2020: A Rewind

Children across Pune to bring Mulla Naseeruddin to the online stage

The four-day festival will feature stories of Mulla Naseeruddin, a literary figure from the 13th-century, whose tales are popular in several countries including India

Written by Dipanita Nath | Pune | Updated: January 4, 2021 8:34:22 pm
Children across Pune to bring Mulla Naseeruddin to the online stageThe festival on Mulla Naseeruddin is the outcome of a three-month online programme for children. (Source: Wikipedia)

In homes across Pune, a number of parents are going to be turning into costume designers, light technicians and backstage managers when Swatantra Theatre’s online children’s theatre festival opens on January 7. The four-day festival will feature stories of Mulla Naseeruddin, a literary figure from the 13th-century, whose tales are popular in several countries including India. A cast of 34 children will explore the wit and wisdom of Naseeruddin by performing stories such as Poshakh Ki Izzat (in which Naseeruddin is humiliated at a feast because he is wearing old clothes. As an answer, he goes away and returns wearing new clothes and begins to feed the clothes) and Badshah Ke Teen Sawaal (in which Naseeruddin solves three riddles of the king to the amusement of the courtiers).

“This is a way of helping children to understand the character as well as develop an interest in the dialect and the beauty of the Urdu language. Apart from performing, the children are designing posters of the play, sketching and painting themselves,” says Dhanashree Heblikar, who has been Creative Director at Swatantra Theatre and Films for 14 years and works closely with young people. The group was founded by her, Yuwaraj Shah and Abhijeet Choudhary. The festival follows several others during the pandemic that Heblikar and Choudhary, Director of the group, designed to keep children and young people engaged during the pandemic. “Our theatre group is packed with amateurs performers and students, many of who come to Pune to join this group and work in theatre,” says Heblikar, who is also a lawyer.

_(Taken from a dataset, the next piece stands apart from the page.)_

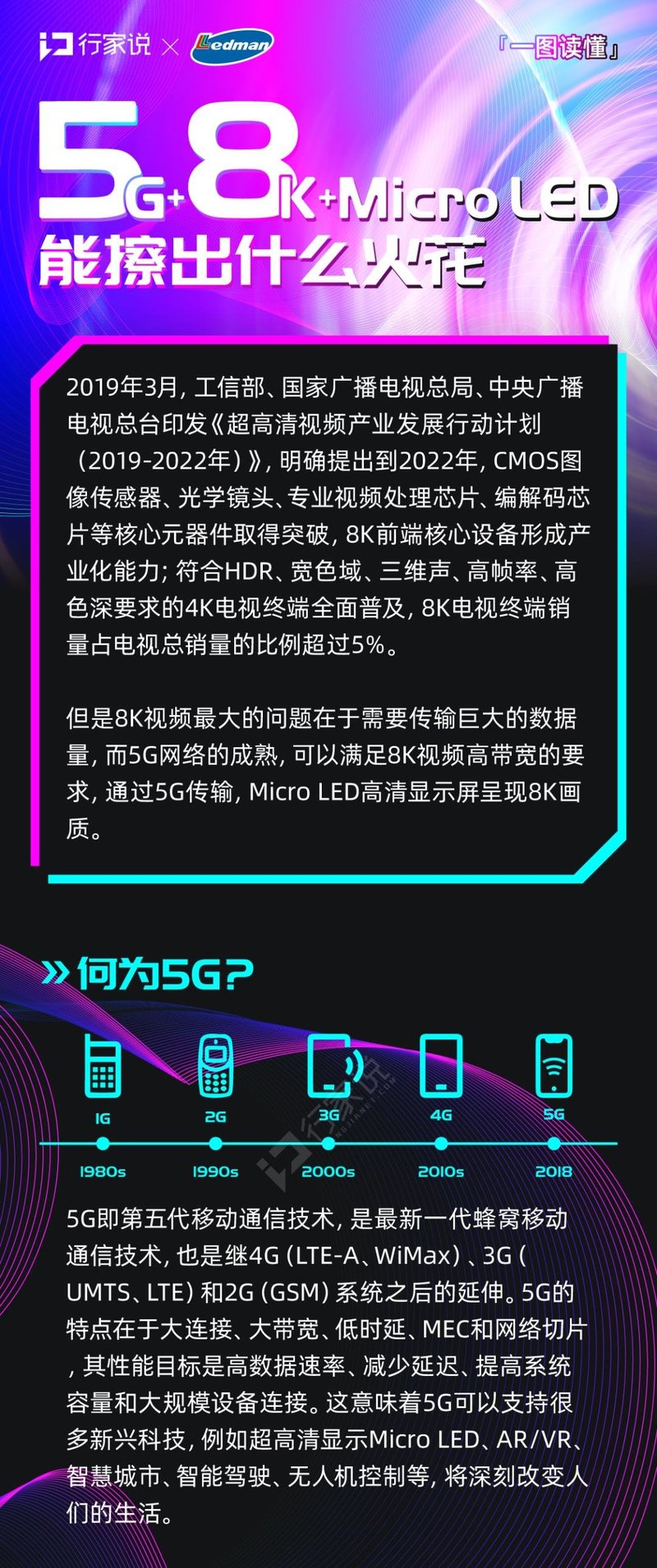 5G+8K+MicroLED能擦出什么火花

Swatantra Theatre has a full schedule of public performances through the year, and were to stage two classics of the stage, Jis Lahore Nahi Dekhya o Jamyai Nai and Taj Mahal Ka Tender, on March 14 and 15, respectively, when the coronavirus brought public gatherings to a stop. As audiences streamed in, members of the group told them that the shows were cancelled— a practice that was being carried out by theatre groups across the world simultaneously. The performers expected the lockdown to last three weeks only. “What happened next broke every theatre group in the world in some way. We had 80 young performers and, after the first shock, we desired to adapt. Even if we were not able to meet, we could continue to ideate, rehearse and learn through the digital medium,” says Heblikar.

The laptop became a part of the process as the team learnt to balance technology with creativity. “We started online festivals, workshops and dramatic readings and it was the only thread that kept us united to theatre, one another and ourselves as artists. We missed the theatre space but visually we were connected and it kept us going,” she adds.

The group soon realised that they were attracting a number of new audience members, who, otherwise, did not watch theatre in auditoriums. They polished their acts and began to push the bounds of performance and technology. One performance, Bicycle Girl, was drawn from a current news story, of Jyoti Kumari, a 15-year-old girl who bicycled from Gurugram in Delhi to Darbhanga in Bihar with her specially-abled father when the migrant crisis hit India. “The woman actor was in Odisha and the performer of the father was in Pune. Both of them got bicycles, painted these the same colour and arranged the lighting so that it appears that she is carrying him on the bicycle,” says Heblikar. “We learnt that the secret of success in the digital space depends on the ease and confidence with which you handle the technology,” she adds.

The festival on Mulla Naseeruddin is the outcome of a three-month online programme for children and is designed to include families of the young actors in the shows so that home spaces turn into performance arenas. “Ultimately, theater aims to bring people together and working with the spirit of one team,” she says. The six stories have been chosen to appeal to a wide age-group. There is Marizon ka ilaaj, showing Naseeruddin taking on some conmen who claim they can cure any disease; Kissa Andhe Bhikari Ka, where a king learns a lesson from a blind beggar thanks to Naseeruddin and Khoja ki Buddhimani, in which Naseeruddin comes up with an ingenious plan to catch a thief.